Evans questioned the board’s decision.
“This matter raised significant concerns leaving many Wayne County residents to question the integrity of the auction process,” Evans told Metro Times in a statement. “Despite multiple lengthy hearings and review of substantive evidence, I’m not sure that the Board’s action today did much to address those concerns, but I accept its decision.”
Ethics board chairman Carron Pinkins, who was the only member who voted in opposition, said the board didn’t get all of the documentation they requested about foreclosure notices sent to Sabree's wife's properties.
In 2011, a Sabree-formed company, U.S. Development Services, bought three Harper Woods homes in the tax foreclosure auction while Sabree was in charge of the sale. In 2017, his son was listed as a successful bidder on a Detroit home.
"Nothing on this record shows that Mr. Sabree in any way showed preferential treatment to his wife, his son, or his son's client,” board member Ed Thomas said during the meeting.

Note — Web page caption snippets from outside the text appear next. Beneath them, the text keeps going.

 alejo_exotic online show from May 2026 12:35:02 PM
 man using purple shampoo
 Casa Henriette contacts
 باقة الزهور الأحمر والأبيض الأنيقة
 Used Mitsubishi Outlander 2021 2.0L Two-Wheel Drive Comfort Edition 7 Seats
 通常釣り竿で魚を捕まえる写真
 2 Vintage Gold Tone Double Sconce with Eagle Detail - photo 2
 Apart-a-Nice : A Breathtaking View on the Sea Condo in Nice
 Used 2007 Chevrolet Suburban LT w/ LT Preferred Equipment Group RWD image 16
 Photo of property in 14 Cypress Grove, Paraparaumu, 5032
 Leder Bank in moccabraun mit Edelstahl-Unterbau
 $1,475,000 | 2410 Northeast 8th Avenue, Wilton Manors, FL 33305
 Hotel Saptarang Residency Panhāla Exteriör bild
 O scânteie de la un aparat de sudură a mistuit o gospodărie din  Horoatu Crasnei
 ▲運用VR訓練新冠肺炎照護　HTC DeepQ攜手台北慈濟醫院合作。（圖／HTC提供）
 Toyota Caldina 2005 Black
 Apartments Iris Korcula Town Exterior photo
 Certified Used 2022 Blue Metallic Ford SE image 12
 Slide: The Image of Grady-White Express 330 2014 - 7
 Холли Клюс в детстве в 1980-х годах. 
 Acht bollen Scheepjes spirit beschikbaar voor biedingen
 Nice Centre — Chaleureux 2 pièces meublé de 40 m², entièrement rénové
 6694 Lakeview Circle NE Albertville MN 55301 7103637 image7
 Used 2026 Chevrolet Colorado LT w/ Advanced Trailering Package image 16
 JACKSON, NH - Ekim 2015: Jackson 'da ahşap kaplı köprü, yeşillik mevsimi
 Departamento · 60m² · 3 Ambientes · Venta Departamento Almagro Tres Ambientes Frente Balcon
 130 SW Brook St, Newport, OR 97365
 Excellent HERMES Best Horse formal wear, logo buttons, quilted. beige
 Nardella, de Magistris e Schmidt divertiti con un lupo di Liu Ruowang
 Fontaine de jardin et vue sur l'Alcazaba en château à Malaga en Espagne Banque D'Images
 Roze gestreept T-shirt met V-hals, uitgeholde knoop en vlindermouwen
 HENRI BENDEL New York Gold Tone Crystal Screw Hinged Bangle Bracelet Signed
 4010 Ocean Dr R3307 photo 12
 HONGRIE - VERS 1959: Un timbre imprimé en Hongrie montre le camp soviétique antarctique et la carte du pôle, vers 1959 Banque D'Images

The newspaper’s investigation also revealed that as many as 10 properties owned by Sabree, his wife, or U.S. Development Services had nearly $29,000 in unpaid property taxes, which they didn’t pay until 10 days after the News inquired about them. Under the law, one of those properties should have been foreclosed and resold at the auction because it was tax delinquent for more than three years.
Sabree maintained that he committed no ethical violations. He said that the company he formed in 2002 is now run by his wife, and that he did not think those purchases would be a problem because the auction was run by a third-party company that year. He also said that he was unaware his son registered as a bidder in 2017.
Board member Freman Hendrix sided with Sabree and said work by a public servant shouldn't "preclude my family from making a living." He called the issue a "media-generated" and "politically motivated" complaint.
Not everyone agreed.
“It’s a bit disappointing that the Ethics Board could go through all of this and not even come up with a basic recommendation to assure that, moving forward, family members and staff don’t participate in the tax auction and don’t receive special treatment,” Jerry Paffendorf, CEO of Loveland Technology, a company that tracks foreclosures in Detroit, tells Metro Times.